Provided material:

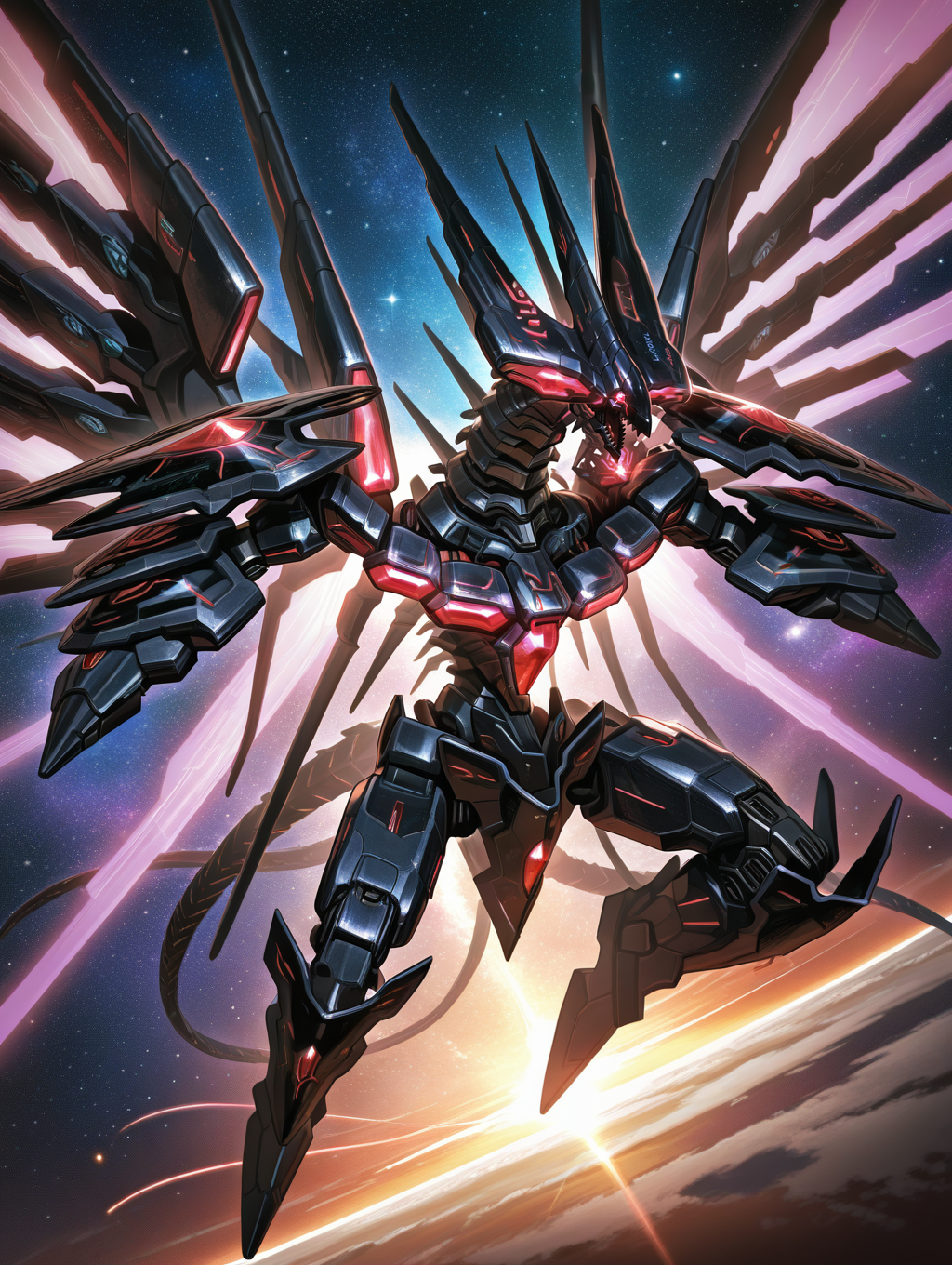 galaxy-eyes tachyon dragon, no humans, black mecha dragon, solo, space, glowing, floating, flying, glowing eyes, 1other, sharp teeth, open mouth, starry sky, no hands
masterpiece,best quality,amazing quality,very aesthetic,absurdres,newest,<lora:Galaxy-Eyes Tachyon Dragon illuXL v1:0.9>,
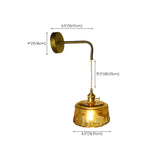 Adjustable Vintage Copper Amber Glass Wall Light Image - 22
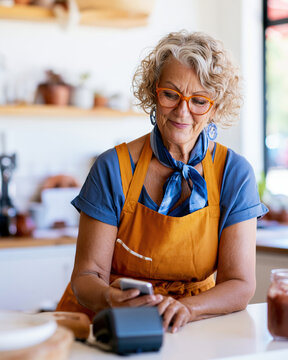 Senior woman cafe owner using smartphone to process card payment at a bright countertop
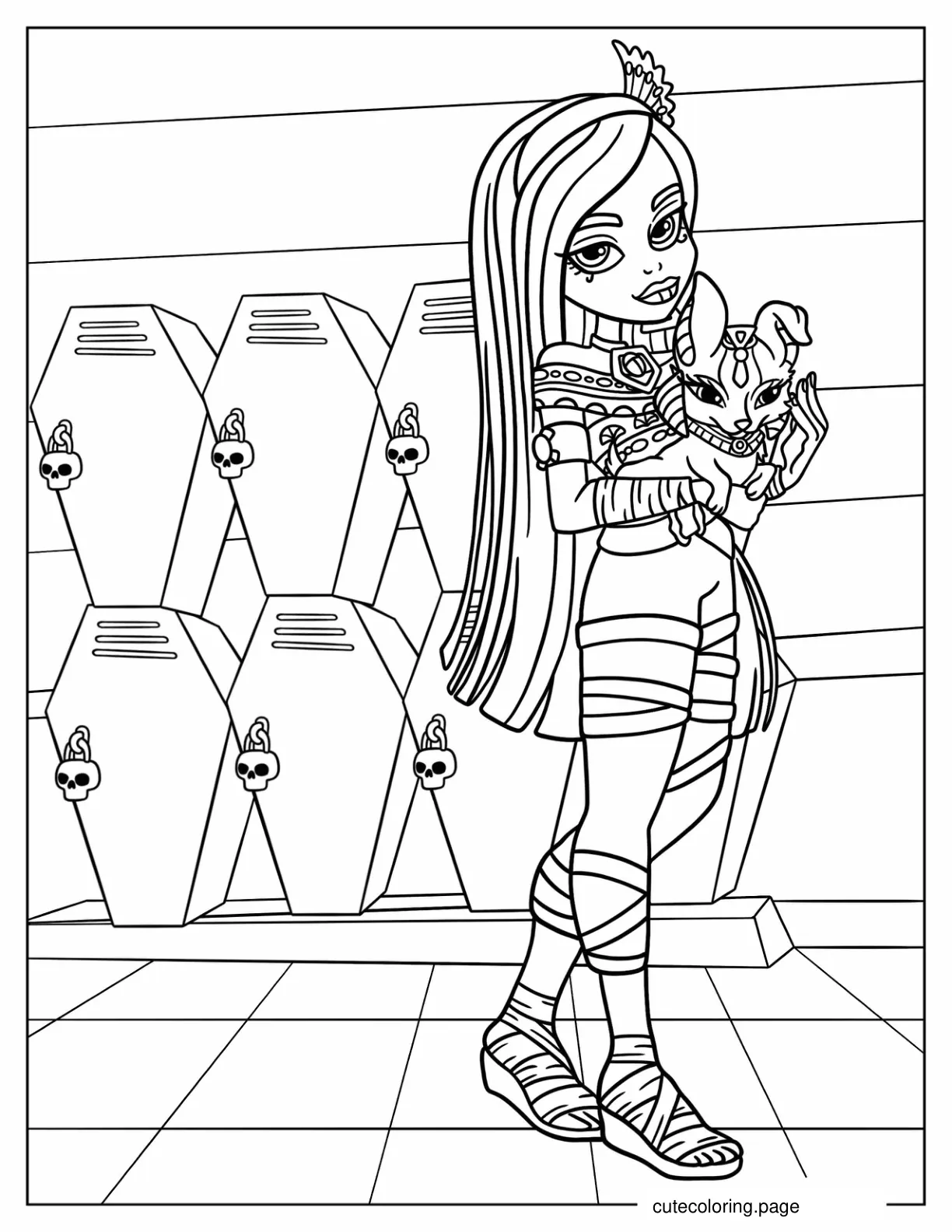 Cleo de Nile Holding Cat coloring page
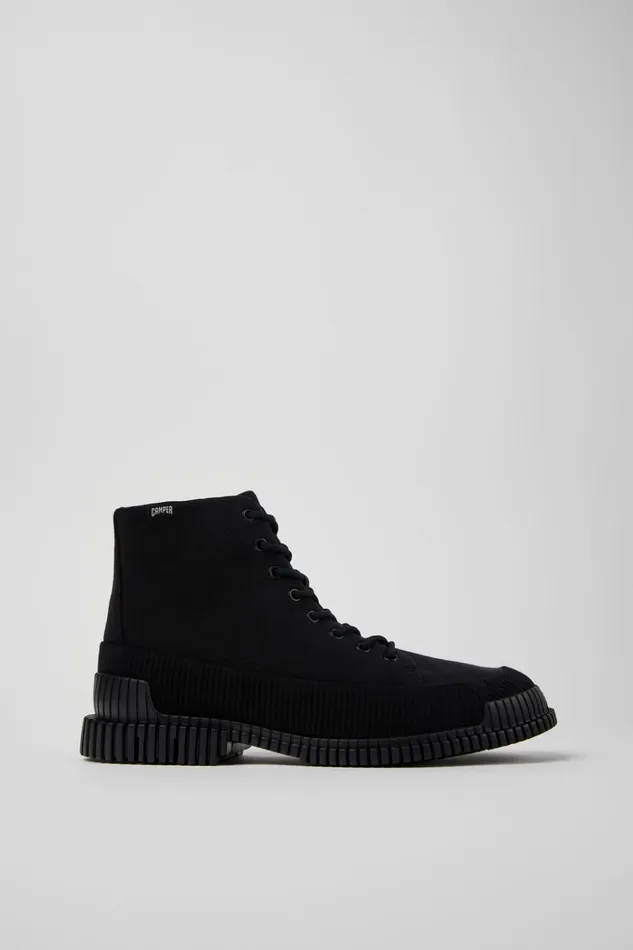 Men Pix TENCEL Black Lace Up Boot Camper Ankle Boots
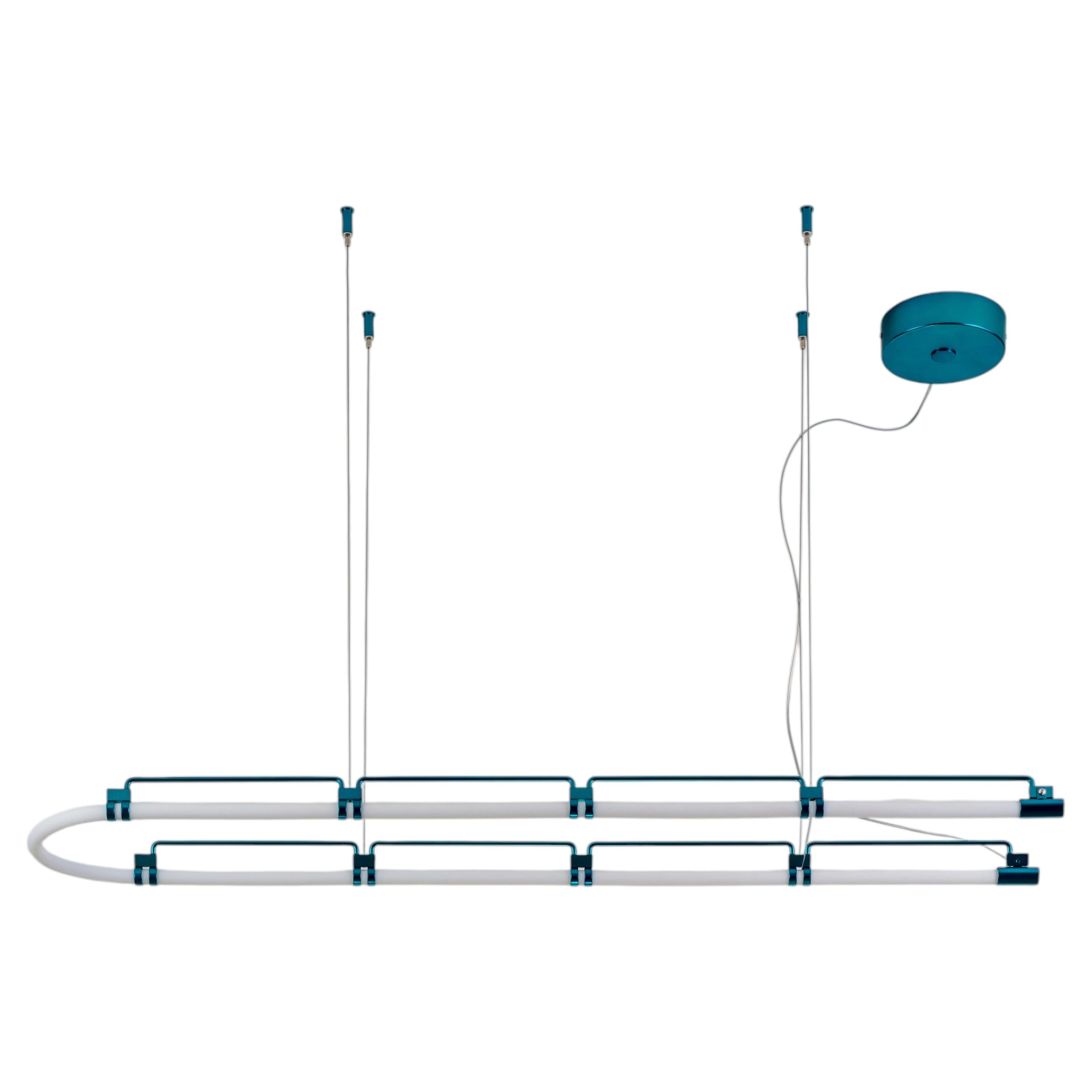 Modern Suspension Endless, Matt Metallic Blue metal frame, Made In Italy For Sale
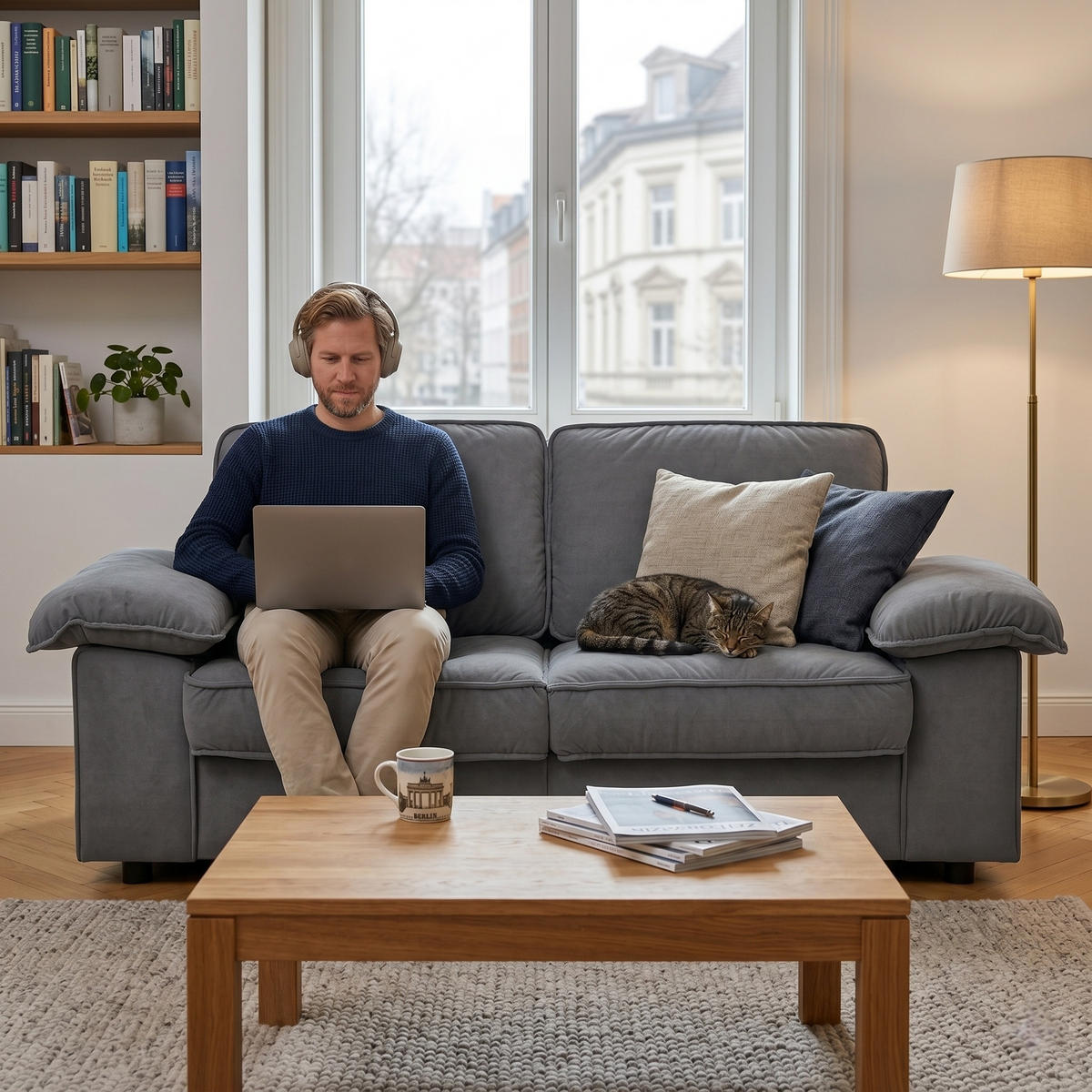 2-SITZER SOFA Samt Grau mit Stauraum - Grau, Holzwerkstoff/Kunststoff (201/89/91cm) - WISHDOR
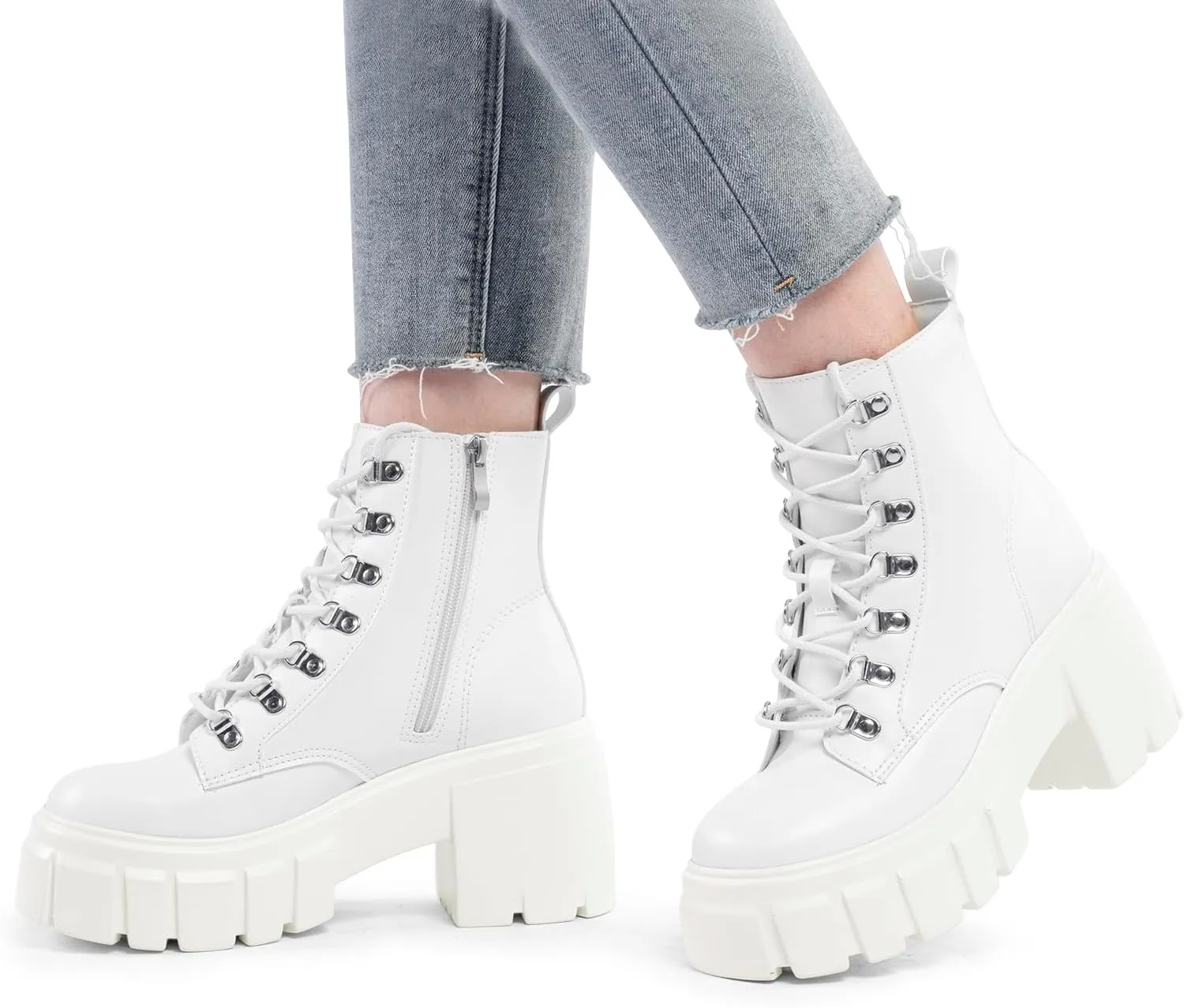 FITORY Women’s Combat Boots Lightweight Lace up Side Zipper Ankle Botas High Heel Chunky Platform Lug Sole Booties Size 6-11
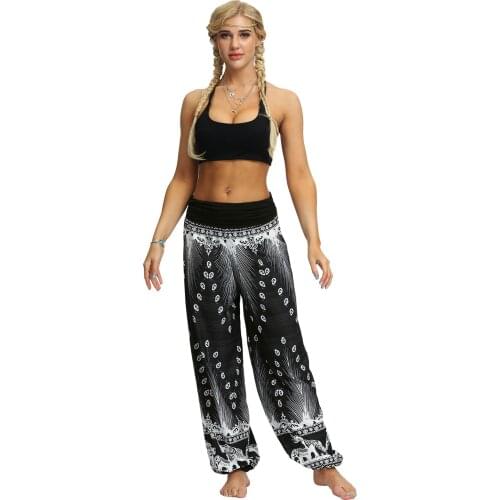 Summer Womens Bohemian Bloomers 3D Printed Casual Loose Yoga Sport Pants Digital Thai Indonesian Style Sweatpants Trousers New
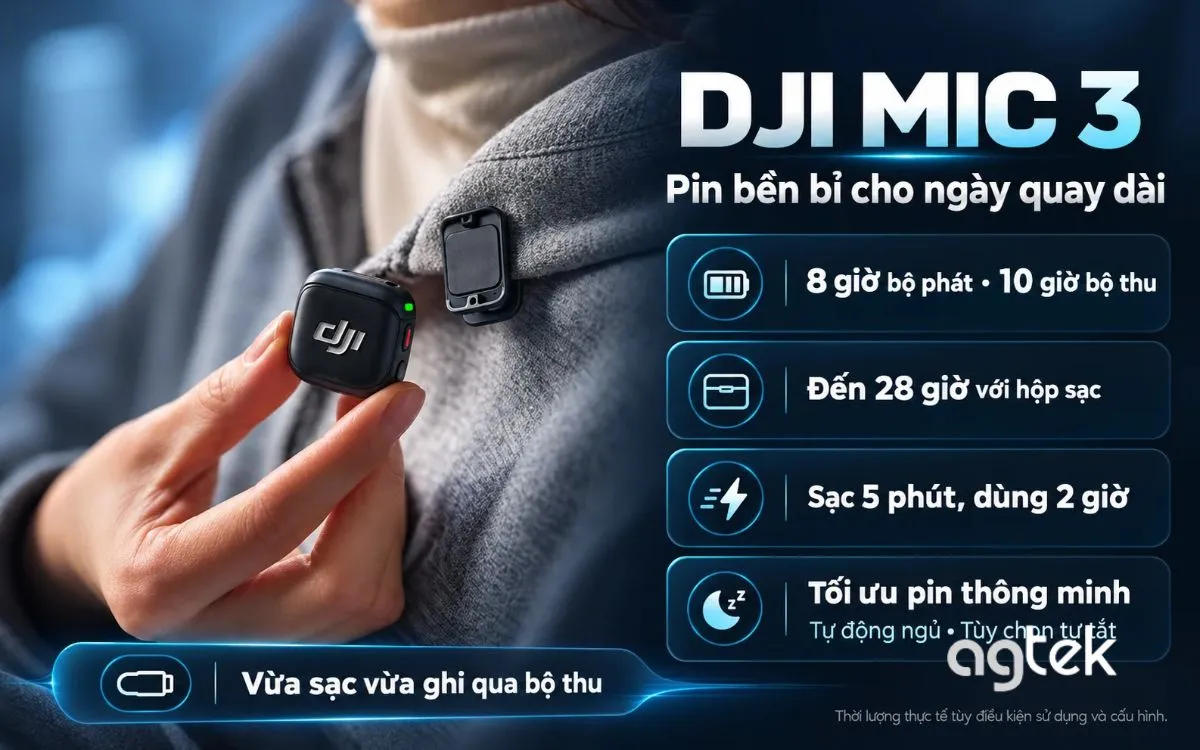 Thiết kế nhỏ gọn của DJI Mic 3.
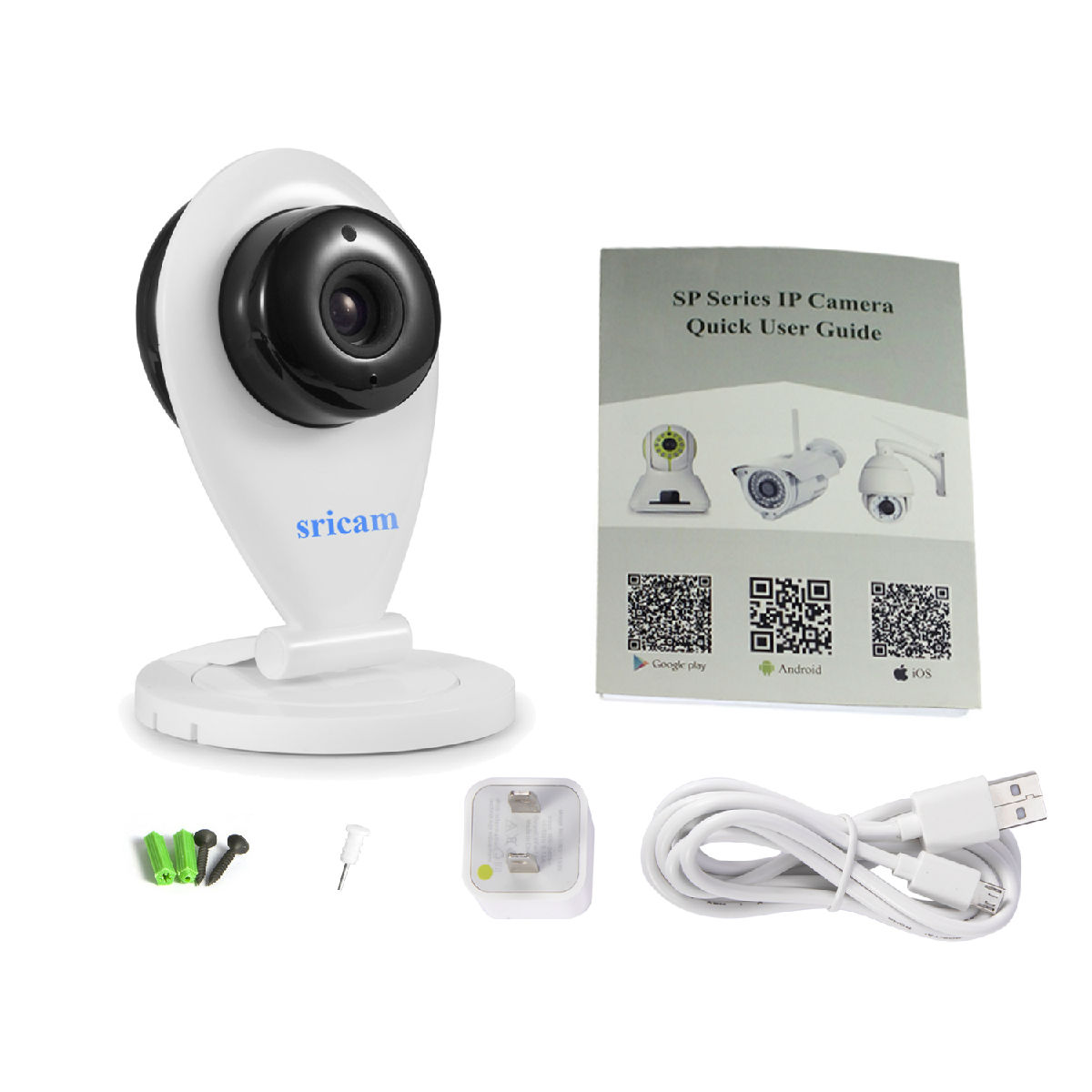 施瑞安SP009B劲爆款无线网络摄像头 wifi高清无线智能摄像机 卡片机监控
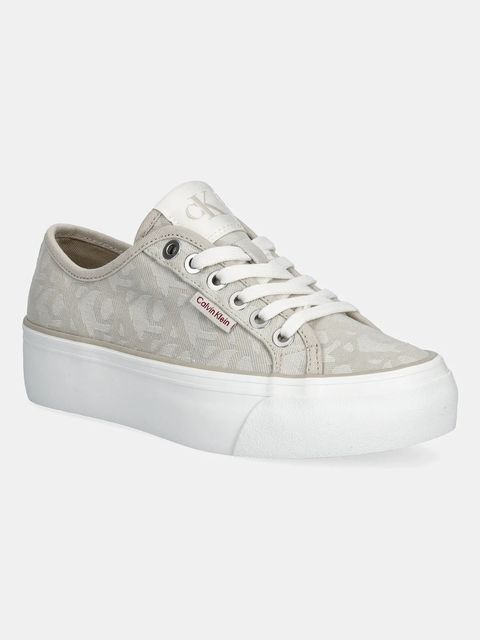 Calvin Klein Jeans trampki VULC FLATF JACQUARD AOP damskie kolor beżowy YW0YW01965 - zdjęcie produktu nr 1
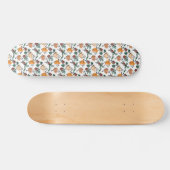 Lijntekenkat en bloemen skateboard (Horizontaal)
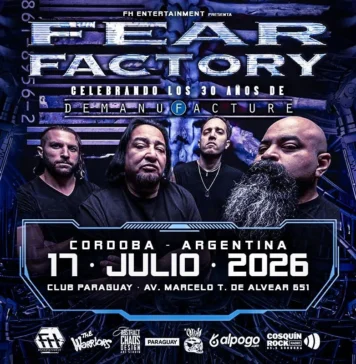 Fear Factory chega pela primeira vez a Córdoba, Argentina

What to do:
Print, exactly as written, the lines above from the first one to the one containing "Senior woman cafe". Leave out pictures.

Output:
 galaxy-eyes tachyon dragon, no humans, black mecha dragon, solo, space, glowing, floating, flying, glowing eyes, 1other, sharp teeth, open mouth, starry sky, no hands
masterpiece,best quality,amazing quality,very aesthetic,absurdres,newest,<lora:Galaxy-Eyes Tachyon Dragon illuXL v1:0.9>,
 Adjustable Vintage Copper Amber Glass Wall Light Image - 22
 Senior woman cafe owner using smartphone to process card payment at a bright countertop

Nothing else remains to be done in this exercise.